Working from the records below, return word for word the line that contains "The World According to Foggy - cover" and each line after it, ending with the last. Skip all pictures.

## Working data
════════
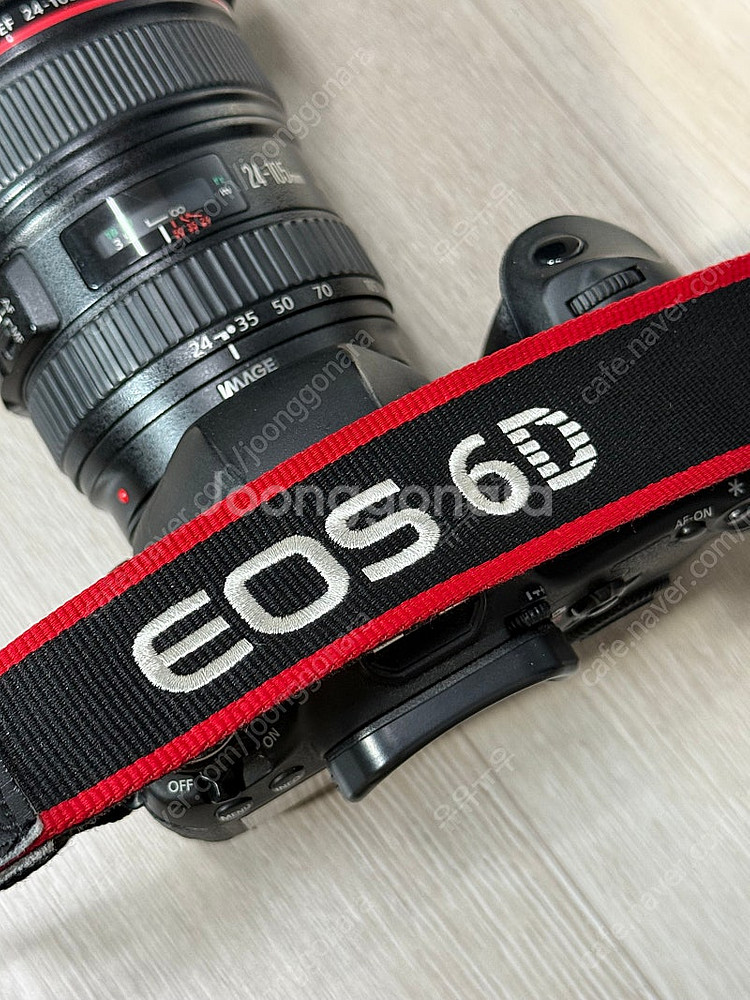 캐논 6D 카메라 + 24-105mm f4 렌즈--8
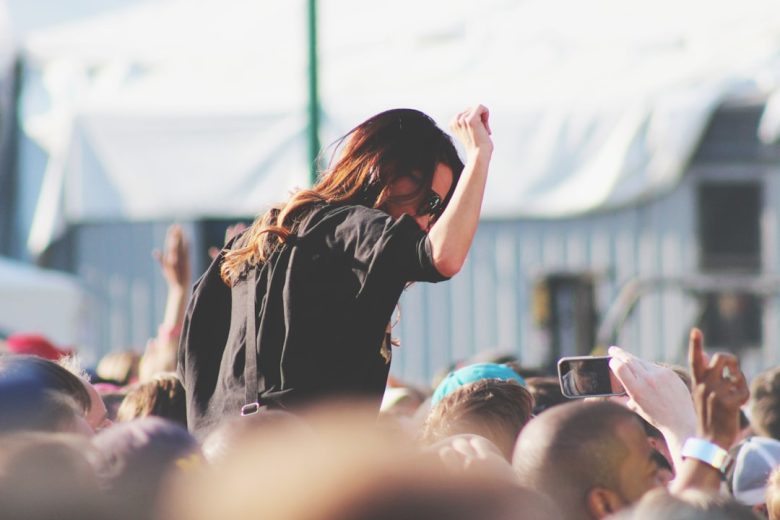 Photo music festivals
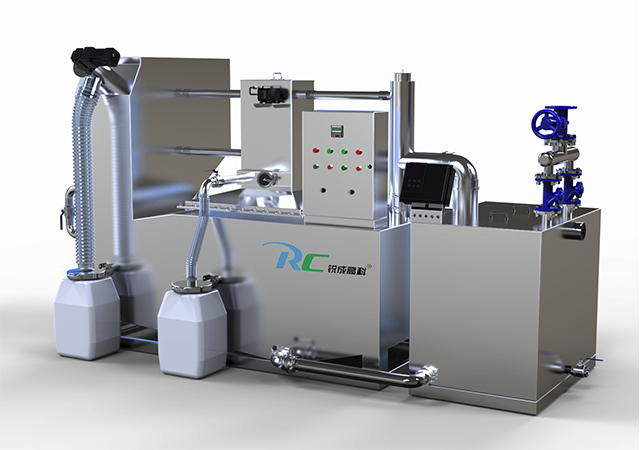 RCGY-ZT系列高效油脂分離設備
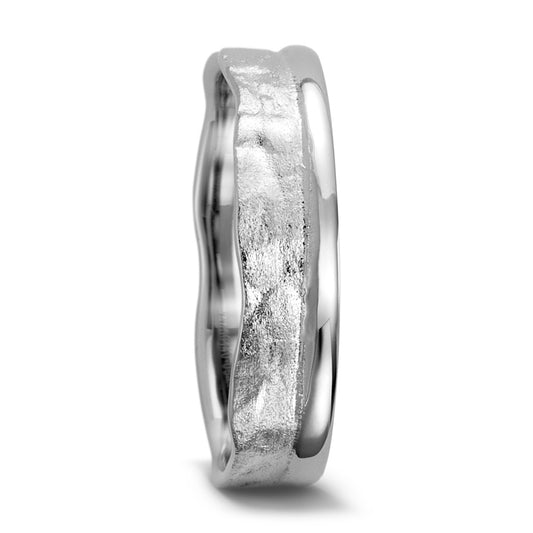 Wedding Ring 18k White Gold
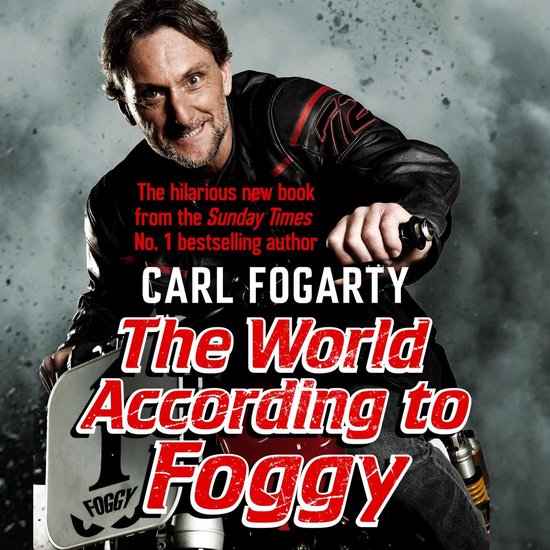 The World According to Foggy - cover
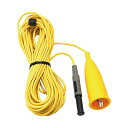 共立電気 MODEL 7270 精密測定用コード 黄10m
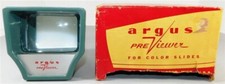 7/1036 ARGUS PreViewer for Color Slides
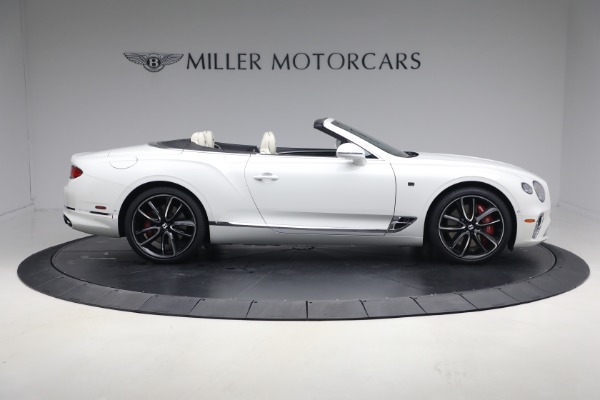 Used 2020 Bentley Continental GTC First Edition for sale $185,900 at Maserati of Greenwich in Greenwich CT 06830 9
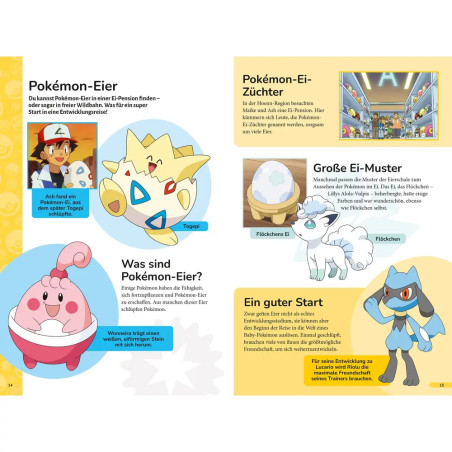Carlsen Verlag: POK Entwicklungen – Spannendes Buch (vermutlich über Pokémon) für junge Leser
════════
## Expected answer
 The World According to Foggy - cover
 共立電気 MODEL 7270 精密測定用コード 黄10m
 7/1036 ARGUS PreViewer for Color Slides
 Used 2020 Bentley Continental GTC First Edition for sale $185,900 at Maserati of Greenwich in Greenwich CT 06830 9
Carlsen Verlag: POK Entwicklungen – Spannendes Buch (vermutlich über Pokémon) für junge Leser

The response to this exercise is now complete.